> WORK INSTRUCTIONS
Copy the records below exactly, but leave out any picture they contain.

> GIVEN ENTRIES
====
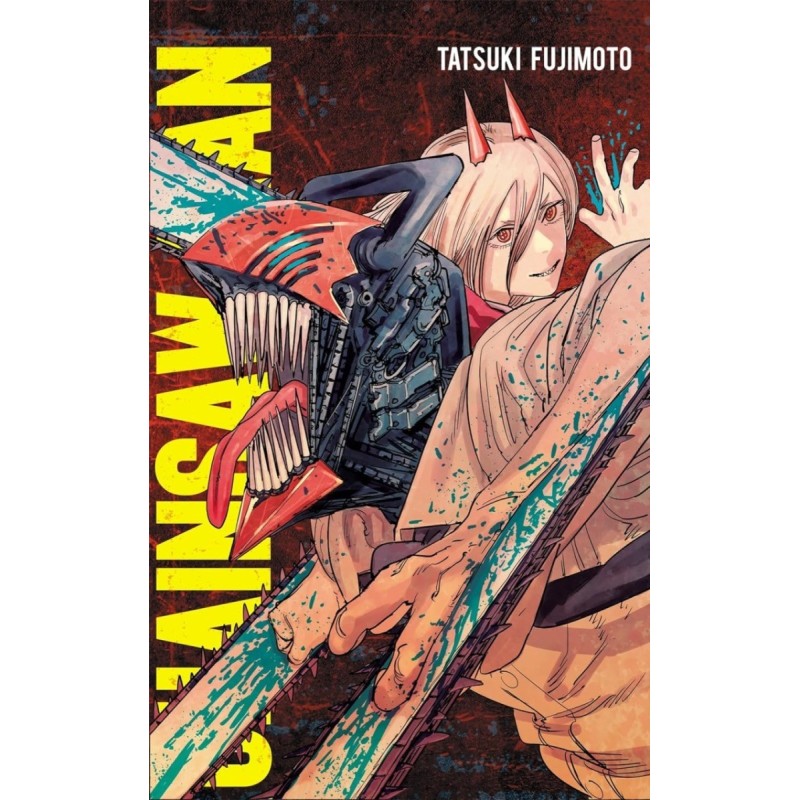 Chainsaw Man - Coffret Tomes 1 à 3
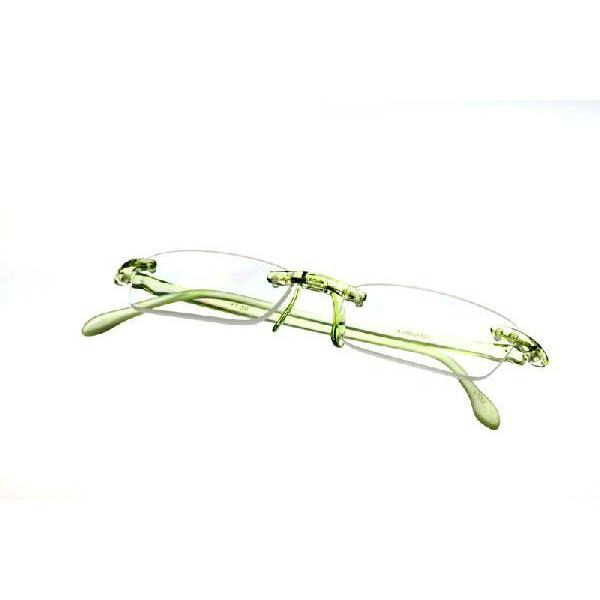 送料無料【老眼鏡】エアリーダー 角型 オリーブ[R-ARS-OL]【アイマジン　EYEMAGINE】...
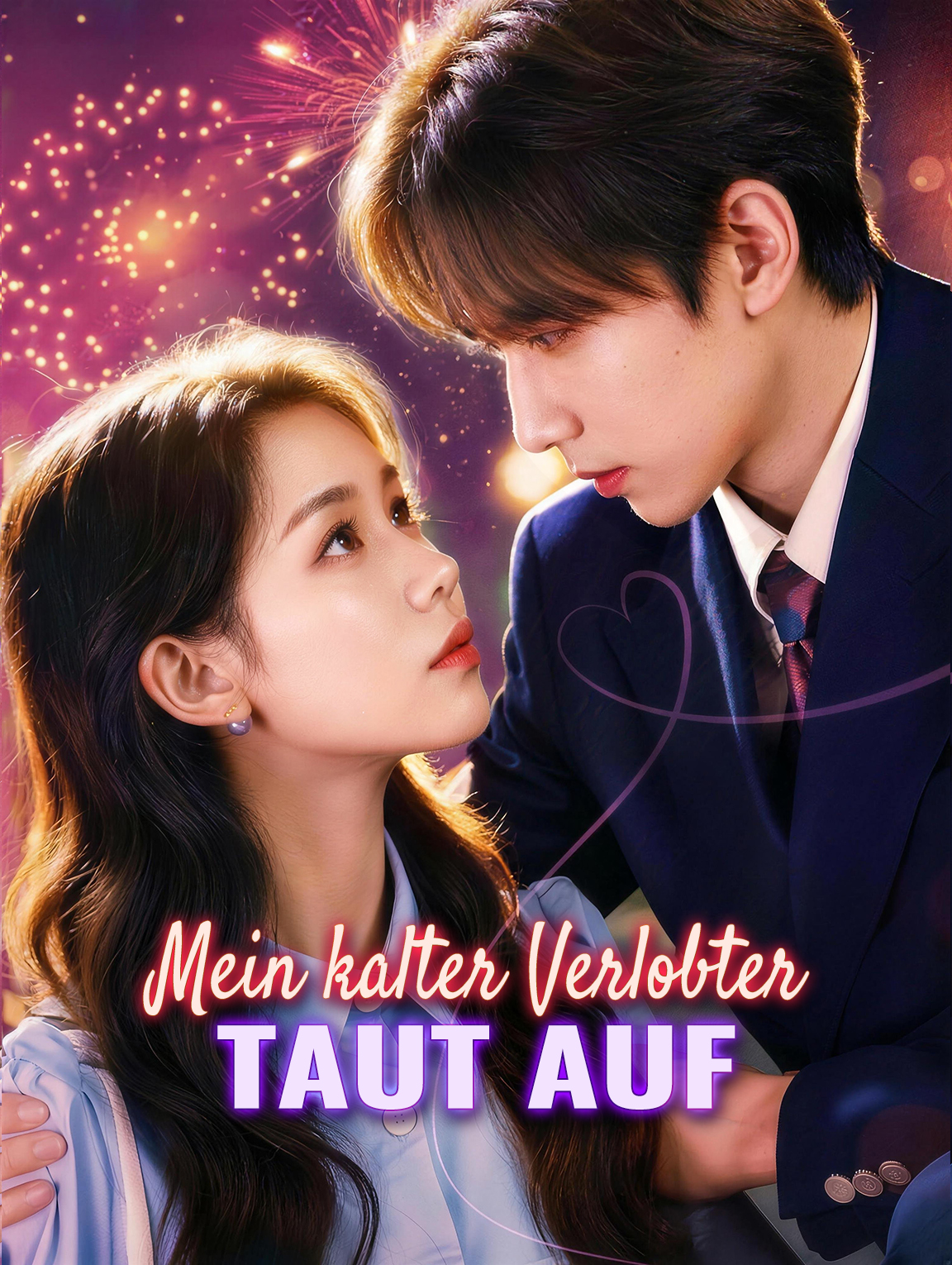 Mein kalter Verlobter taut auf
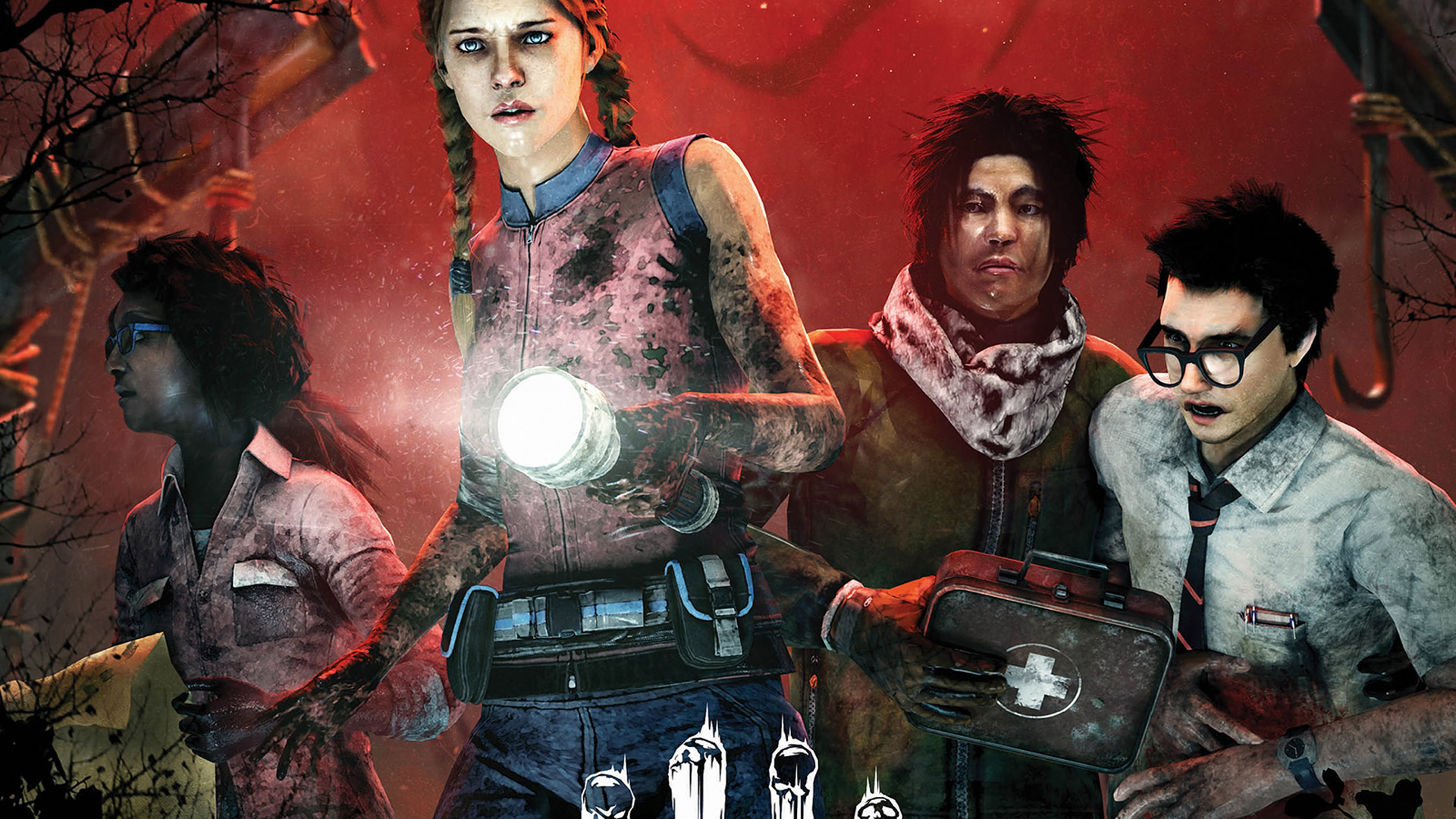 Dead By Daylight Wallpaper In - Dead By Daylight Survivors - 1920x1080 Wallpaper Dead By Daylight Wallpaper In - Dead By Daylight Survivors - 1920x1080 Wallpaper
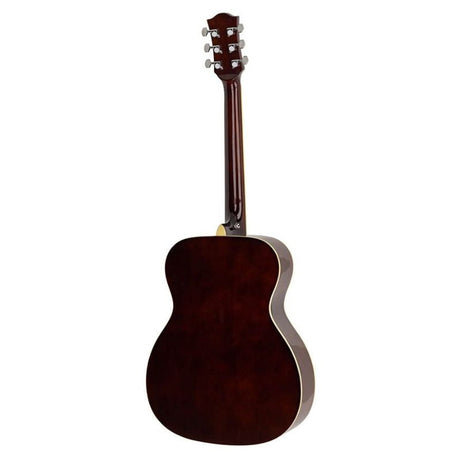 Richwood RD-12L linkshandige naturel akoestische western gitaar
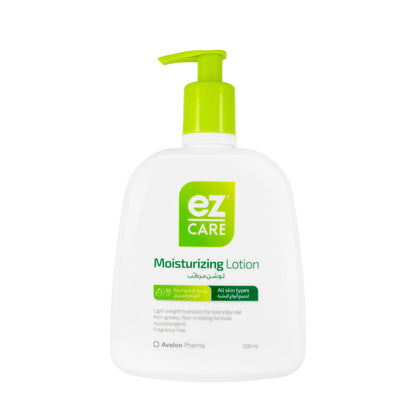 Avalon Ez Care Moisturizing Lotion [All Skin] 500 Ml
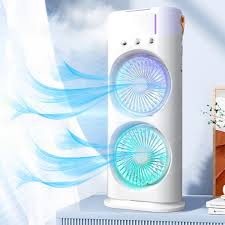 Portable Fan Double Ended Spray Fan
====
> RESPONSE AREA
 Chainsaw Man - Coffret Tomes 1 à 3
 送料無料【老眼鏡】エアリーダー 角型 オリーブ[R-ARS-OL]【アイマジン　EYEMAGINE】...
 Mein kalter Verlobter taut auf
 Dead By Daylight Wallpaper In - Dead By Daylight Survivors - 1920x1080 Wallpaper Dead By Daylight Wallpaper In - Dead By Daylight Survivors - 1920x1080 Wallpaper
 Richwood RD-12L linkshandige naturel akoestische western gitaar
 Avalon Ez Care Moisturizing Lotion [All Skin] 500 Ml
 Portable Fan Double Ended Spray Fan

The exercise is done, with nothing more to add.